Она не видела того, что видели мы, не видела этой позы, и была единственной, кто не испытывал ни малейшего смущения.
■На следующее утро представление не состоялось. Вероятно, зрителей собралось слишком мало. Когда мой муж за вторым завтраком осторожно осведомился у Жоржа о фокуснике, тот равнодушно ответил:
— Он сошел с парохода.
Мы нигде за это время не останавливались, но, разумеется, пироги поддерживали постоянную связь между нашим караваном и берегами.

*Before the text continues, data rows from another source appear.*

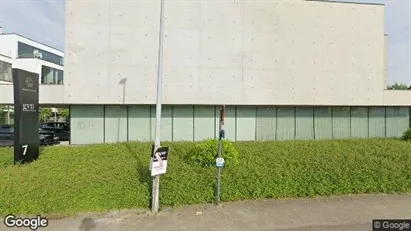 Apartments for rent in Zedelgem - Photo from Google Street View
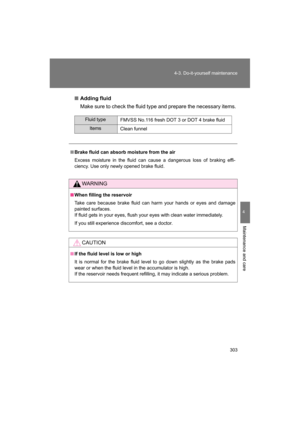 Page 303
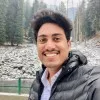 Saurabh Kumar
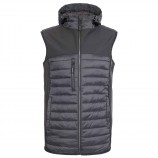 Tuffstuff 279 Howden Hooded Bodywarmer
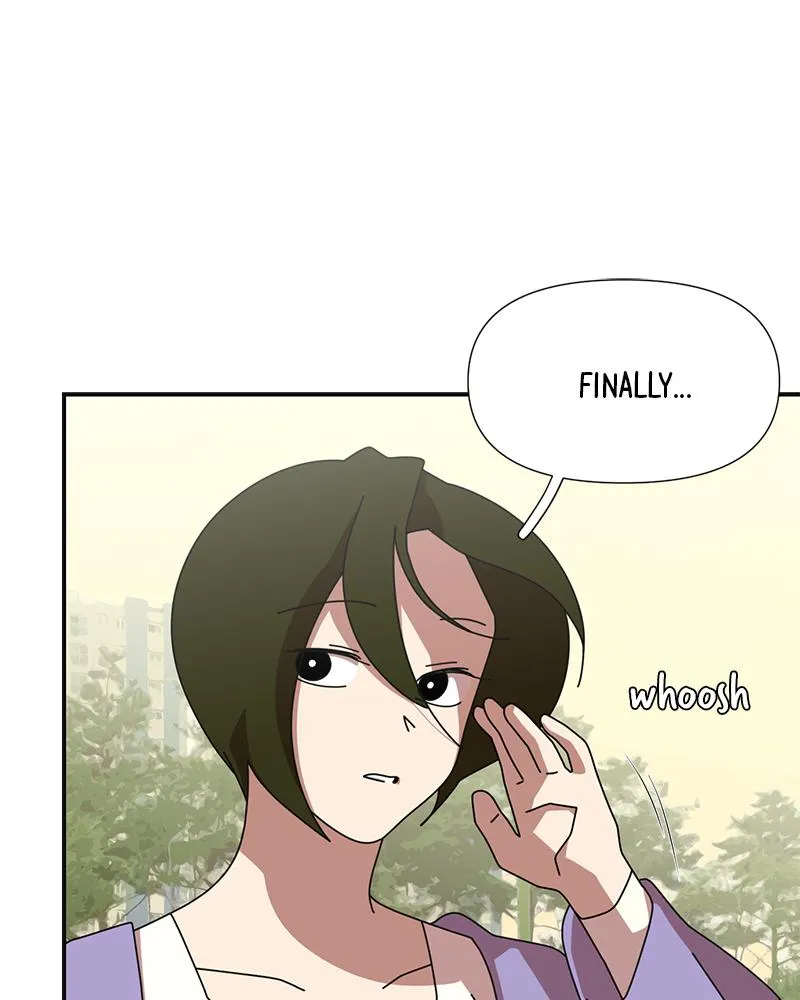 Read Her Bucket List en Manga Online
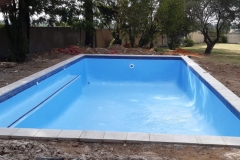 WhatsApp-Image-2021-02-18-at-21.38.05-1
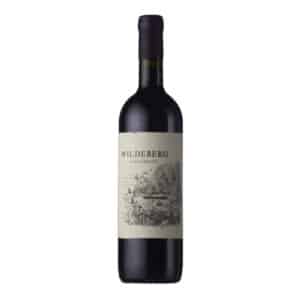 Wildeberg Red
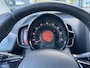 Toyota Aygo 1.0 VVT-i | X-Play 5-Drs | Airco | Carplay | Camera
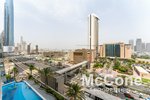 2 bedrooms Apartment in Dubai Marina, UAE No. 30673 - Image 27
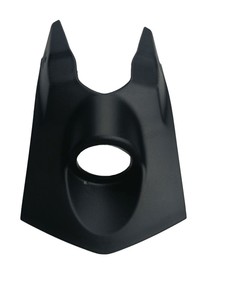 QJ SRK 125 S DEPO ÖN KAPAK MUHAFAZA S49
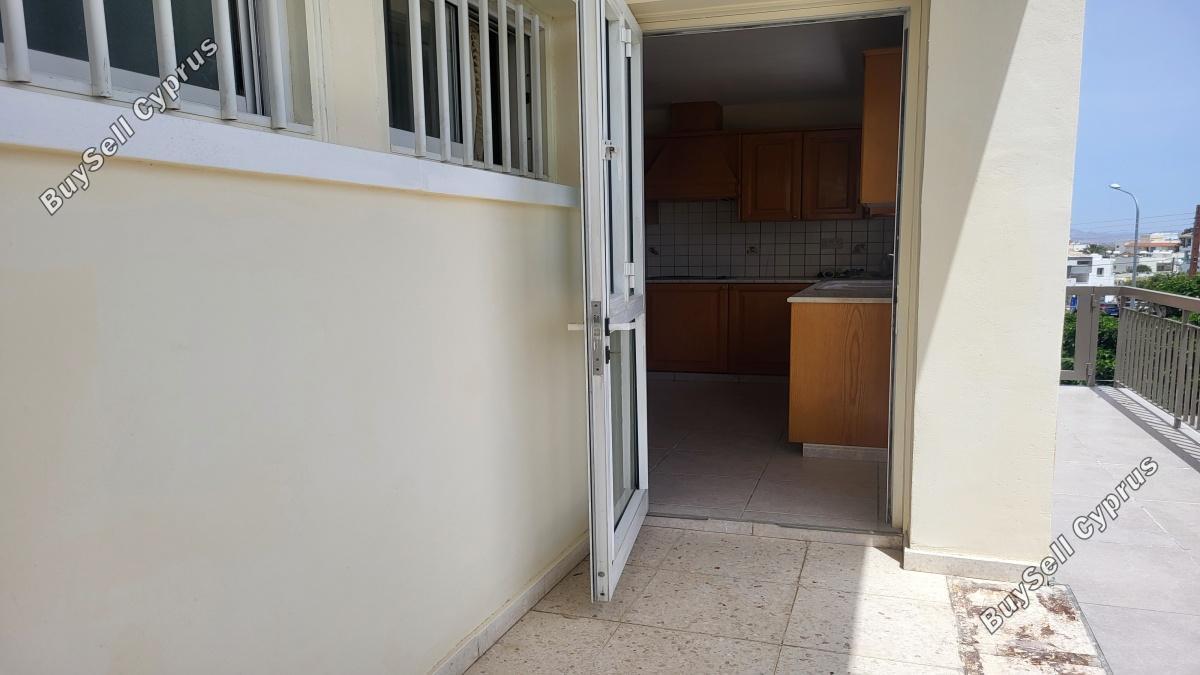 3 Bedroom Penthouse for sale in Platy Aglantzias, Nicosia: https://www.buysellcyprus.com/property-for-sale/nicosia/platy-aglantzias/3-bed-penthouse-for-sale-platy-aglantzias-nicosia-1800287.html (www.buysellcyprus.com)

На нашем судне начались сборы. Хотя до Стенливиля оставалось еще два дня пути, многие бельгийцы направлялись на большую агротехническую станцию и должны были сойти раньше. Перед их каютами уже громоздились жестяные коробки с аккуратными надписями. «Новобрачные» часами пропадали на барже, наводя глянец на свой автомобиль. Они возились там с тряпками и ведром, каждую вторую минуту спуская ведро на веревке в Конго, и выплескивали коричневую воду на раскаленный металл, к которому нельзя было прикоснуться. Бывалый человек сменил шину на своем джипе и объявил, что может взять с собой двух пассажиров, если кто-нибудь едет на север от Стенливиля, в сторону Судана. Только мы с мужем да еще священник не занимались сборами. Мы с мужем ехали налегке, как люди, привыкшие летать на самолетах, и главное место в нашем багаже занимала папка с докладом, который нам предстояло сделать на конгрессе по тропическим болезням, а священник не спешил на берег потому, что ему, как он объяснил, все равно предстояло ждать оказии не одну неделю, — прислать за ним машину в такую даль миссия не может. Он уже перечитал все, что мог, и теперь, в наше последнее утро на борту, позволил себе закурить сигару сразу же после завтрака. Мы втроем стояли, опершись на перила, и смотрели, как пассажиры третьего класса выбираются на берег, борясь на сходнях со встречным течением всяких торговцев и просто посетителей. С обычной для этих краев простотой нравов, караван причалил где пришлось, у растянувшейся на добрую милю деревни с хижинами, крытыми банановыми листьями и с банановыми плантациями вокруг. Наше белое судно и баржи стояли под углом к берегу, и с ним нас связывали только узкие мостки, по которым лился густой людской поток, — пассажиры сходили на берег со своими детьми, козами и велосипедами, и среди них я вдруг увидела фокусника.
Он выглядел как самый обыкновенный чернокожий счетовод — белая рубашка, серые брюки, в руках плоский чемоданчик. Вся Африка ходит сегодня с такими чемоданчиками, и, может быть, в них таится нечто еще более удивительное, чем то, что видела я.